Easton Corbin chronology
| All Over the Road (2012) | About to Get Real (2015) | Let’s Do Country Right (2023) |

Singles from About to Get Real
- "Clockwork" Released: January 28, 2014; "Baby Be My Love Song" Released: September 8, 2014; "Yup" Released: July 27, 2015; "Are You with Me" Released: May 23, 2016;

= About to Get Real =

About to Get Real is the third studio album by American country music artist Easton Corbin.

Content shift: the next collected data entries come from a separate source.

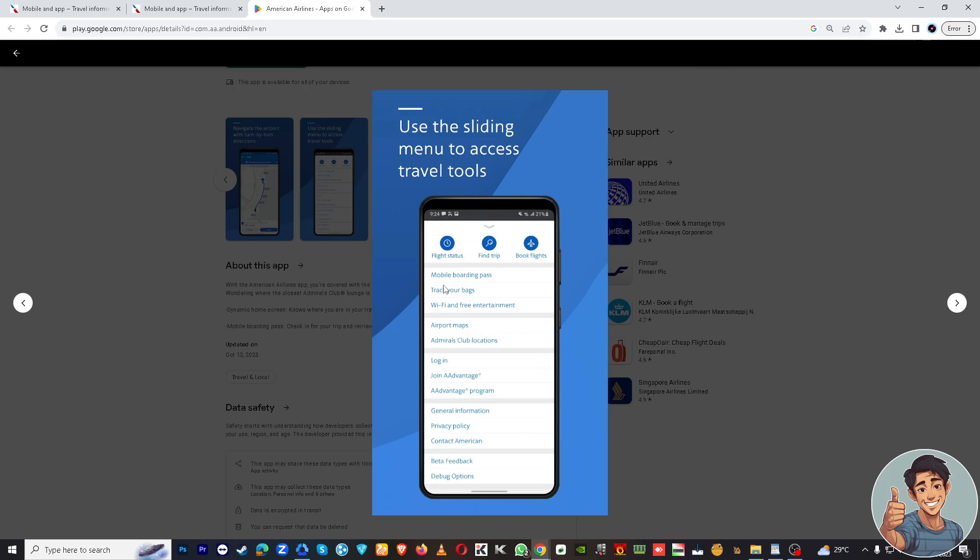You can log in with your American Airlines account credentials. Of course, if you don't have an account, you can often check in as a guest. There's not a reason for you to create credentials. Look for the check-in or my trips option - there's a my trip option right here or find trip.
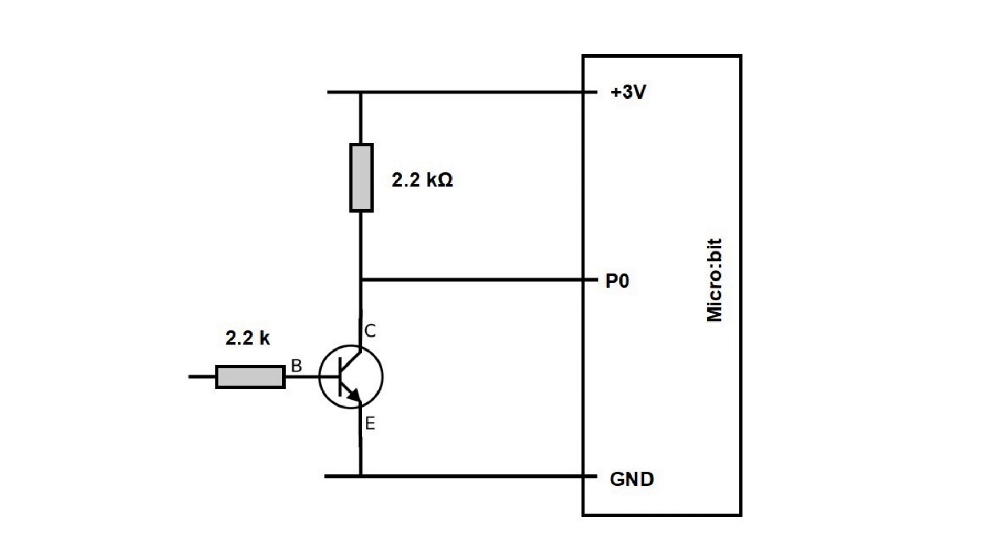Now we replace the lower resistor with the transistor. It has three legs: collector, emitter and base.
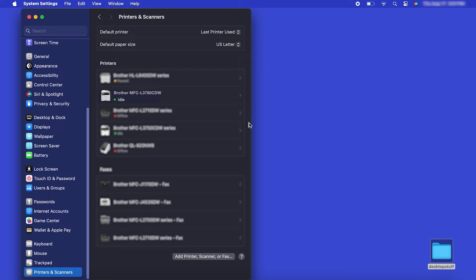Once added, your Brother machine is ready to print. If your model features a scanner, you'll need to download the Brother iPrint and Scan app in order to scan to your computer.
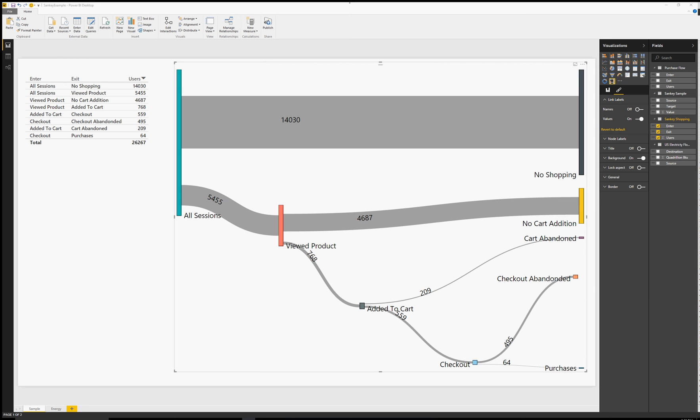Hi, my name is Brad Sarsfield and I'm excited to share with you a new Power BI data visualization called the Sankey Diagram.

It was released on June 30, 2015 via Mercury Nashville. It includes the singles "Clockwork", "Baby Be My Love Song". and "Yup". It also includes "Are You with Me" from Corbin's previous album, All Over the Road. The album was produced by Carson Chamberlain.

Professional ratings
Review scores
| Source | Rating |
| AllMusic |  |

==Content==
About the album, Corbin said, "When deciding on an album title, About to Get Real just says it all for me. When country fans listen to this album, I want them to take away that even though the music mixes the modern with the classic, it's entirely real. Like the music of my heroes, it's the real deal." The album's track listing was announced on June 9.

==Critical reception==
Stephen Thomas Erlewine of AllMusic gave the album 3.5 stars out of 5 and wrote that "No matter what the album title implies – "real" usually conveys grit, a quality conspicuously absent from these 12 songs – About to Get Real is so smooth it sometimes suggests the glory days of Urban Cowboy, when modern country flirted heavily with the soft rock mainstream."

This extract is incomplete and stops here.